Capturing opportunity with scanning technology
Adelaide-based survey firm is winning work across multiple industries after extending its services to include laser scanning using Topcon’s new GLS-2000.
SKS Surveys specialises in construction, engineering and property surveying for customers throughout South Australia. Recently, the company invested in laser scanning technology to extend its service offering to new and existing markets, with a wide range of projects already completed and many more on the horizon.
Company Director and licenced surveyor Scott Bacchus explained the reasons behind investing in the technology: “We’ve been keeping track of developments in laser scanning in recent years and recognised that it’s now moved from emergence through to wider acceptance in the industry,” he said.
“Having missed out on a couple of projects due to not having the technology, we saw it was time to extend our services to include it and meet the demand.”
The company researched a range of laser scanners available on the market and opted for the new Topcon GLS-2000. “We were looking for a good all-rounder that could be used for large scale volume and topographic applications through to smaller scale, high detail projects,” Mr Bacchus explained. “The Topcon GLS-2000 fit the bill for us in terms of price and functionality, enabling us to offer scanning services to a broad range of industries.”
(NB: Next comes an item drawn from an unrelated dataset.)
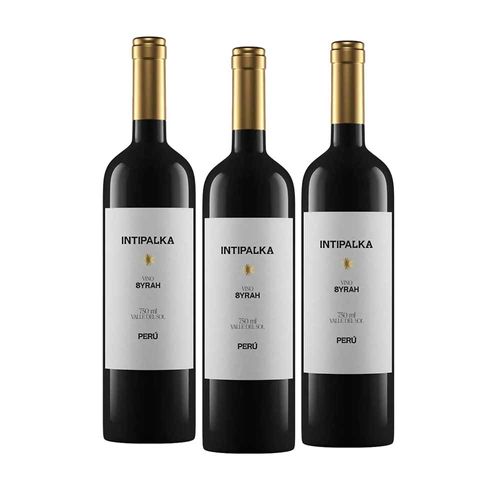 Pack Vino Tinto INTIPALKA Syrah Botella 750ml x 3un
Topcon’s GLS-2000 is designed for internal and external scanning applications, with a range of up to 350 metres. It delivers a full-dome 360 degree scan is less than three minutes and offers signal processing including wave form for precision measurements.
In the two months since purchasing their system, SKS Surveys has completed a number of projects for clients in the civil construction, engineering and property industries, including warehouse scans, building facades, pipe work and excavation scans.
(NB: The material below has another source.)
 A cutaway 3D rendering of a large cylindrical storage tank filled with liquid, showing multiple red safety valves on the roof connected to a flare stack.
“The excavation project was interesting as the client required volume data for the holes they needed to excavate, however there was a safety hazard as it was a landfill site and the material being excavated was unknown,” Mr Bacchus explained.
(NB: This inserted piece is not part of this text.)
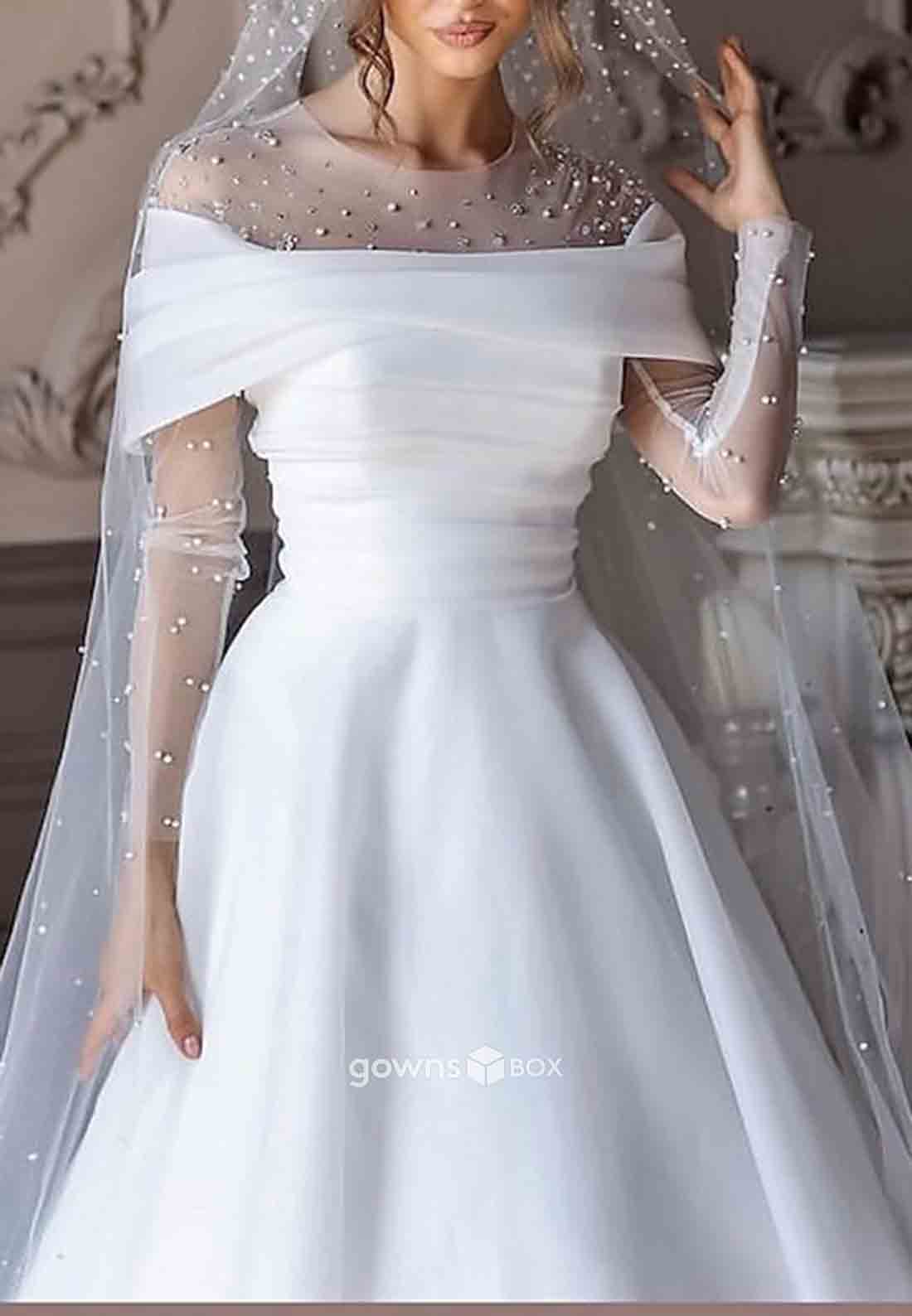 Long Sleeves Sweep Train Satin Pleated Princess Pearls Wedding Dresses-GownsBox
“Using the GLS-2000, we were able to deliver highly accurate volume data whilst scanning from a safe distance, eliminating the risk from potentially hazardous material,” he added.
Mr Bacchus said that setting up and using the scanner in the field was quick and easy. “Collecting the data is very straightforward, the challenge is what to do with the amount of data that’s captured,” he said.
“We are still developing the ideal workflow for our scanning projects, to deliver valuable products to our customers at the end of the process. Often the clients don’t have a clear picture of the results they want, whether its edge sets or a 3D model.”
The company has been outsourcing the post processing work to overseas service providers. “Post processing software is expensive and it takes training and expertise to get good results from it, so currently we prefer to outsource that aspect of the workflow,” Mr Bacchus explained.
Mr Bacchus said the company is excited by the prospect of using laser scanning technology in alternative applications such as Building Information Modelling (BIM) and monitoring. “A couple of years ago I would have said that BIM was just a buzzword and there was no viable workflow to deliver on it.”
“Now, however, I think it is definitely something that the survey industry must embrace and understand its role in. Whether it involves inputting, outputting or interpreting the data, surveyors have an important part to play and scanning technology is another tool we have at our fingertips for BIM applications.”